# Radio restarts when I turn on engine



## swong46 (Sep 25, 2009)

Hi, this maybe stupid but how do I make my aftermarket radio not restart when I turn on the engine? I use the radio with engine off and boot up time sucks when you want to start up and go.


----------



## Sarthos (Oct 29, 2010)

Simple. First, you have to have a toggle switch that goes to the pink wire on your aftermarket radio for the ignition turn on. 

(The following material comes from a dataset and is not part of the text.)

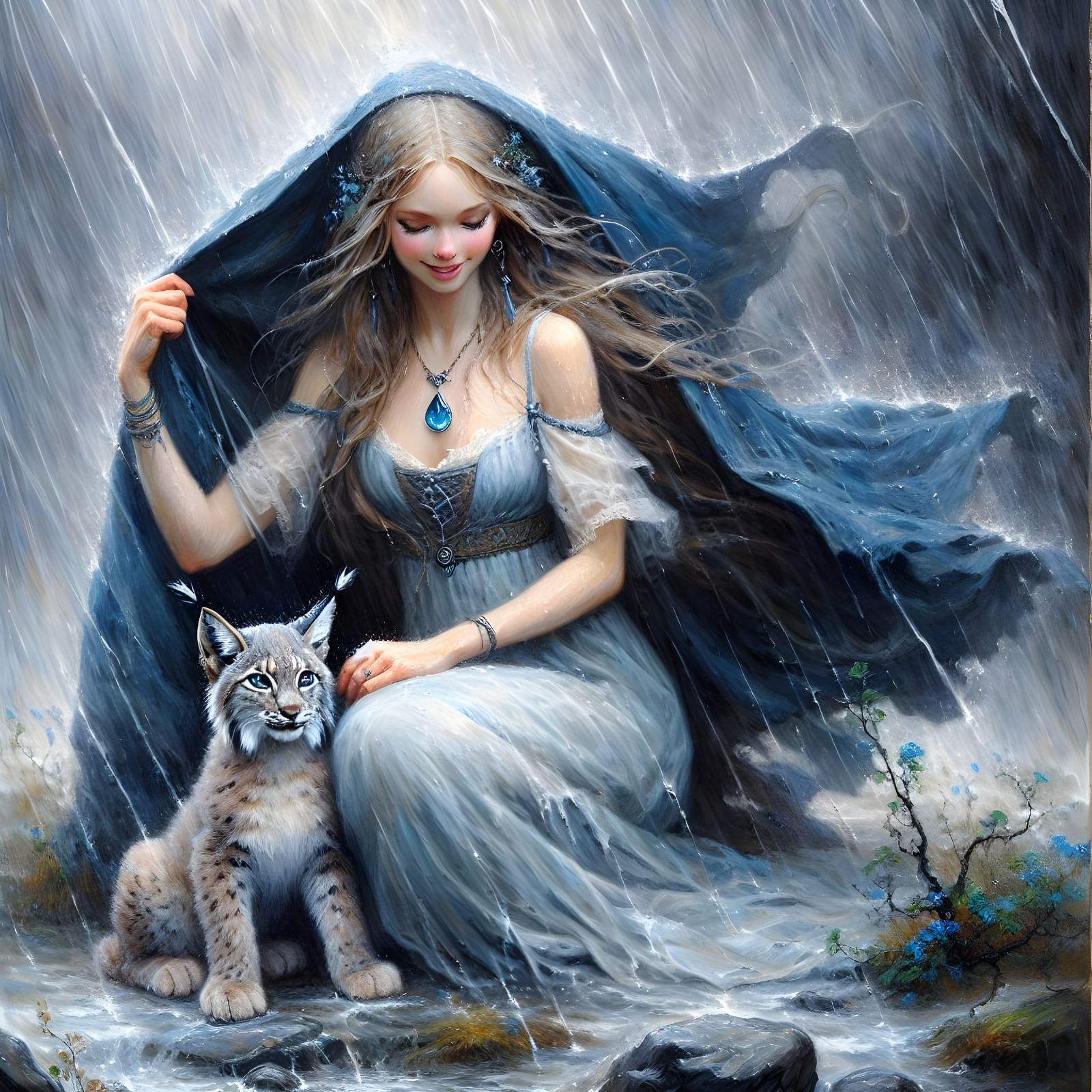 Norse Goddess Protects Fierce Summer Storm with Lynx Cub
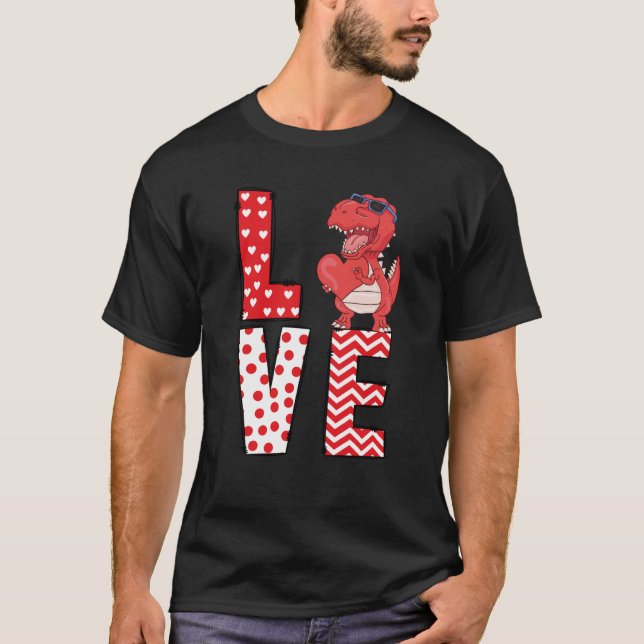 Dinosaur Valentines Day Love Valentine Cute Hearts T-Shirt (Front)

Then wire your radio and system to a second battery, with a battery isolator, so the starter won't drain the battery when you turn it over.


----------



## swong46 (Sep 25, 2009)

You can't just move a wire around where the radio hooks to the car's harness or something to fix this?


----------



## Eljosh (Sep 29, 2010)

Yea, aren't there two wires out of radio and two wires from the car for power? One constant, and the other ignition. Because when a friend and I put one of his radios in with had those two switched, and it did that, it would reset everytime, and once we switched the two. It worked fine. So check your wires first then get into the crazy stuff.


----------



## swong46 (Sep 25, 2009)

I am using the ignition wire in the harness. I am thinking if I run the ignition-2 wire from my fuse box to the ignition wire on the harness maybe that would do the trick. Since the IG-2 wire does not cutoff when doign the actual cranking of the motor. Maybe not? Who knows.

But can you tell me what wire causes the radio to turn on? Like how amps have a remote turn on wire, does the radio use the ignition wire or?


----------



## ZAKOH (Nov 26, 2010)

swong46 said:


> I am using the ignition wire in the harness. I am thinking if I run the ignition-2 wire from my fuse box to the ignition wire on the harness maybe that would do the trick. Since the IG-2 wire does not cutoff when doign the actual cranking of the motor. Maybe not? Who knows.
> 
> But can you tell me what wire causes the radio to turn on? Like how amps have a remote turn on wire, does the radio use the ignition wire or?


I believe the ignition wire is what causes the radio to turn on. On some cars, for some reason, this wire loses current when the engine is cranked.


----------



## FAUEE (Jul 22, 2010)

A lot of cars will cut power from everything during crank. That wa the engine has all the power it needs to start up.

The simple solution is to stop listening to the radio with the truck off, then you won't notice it or care.

You could do a relay or diode setup to fix it, but depending on the vehicle it might not be worth it. It might be a really good idea to leave it factory if your battery has barely enough CCA to start the engine.


----------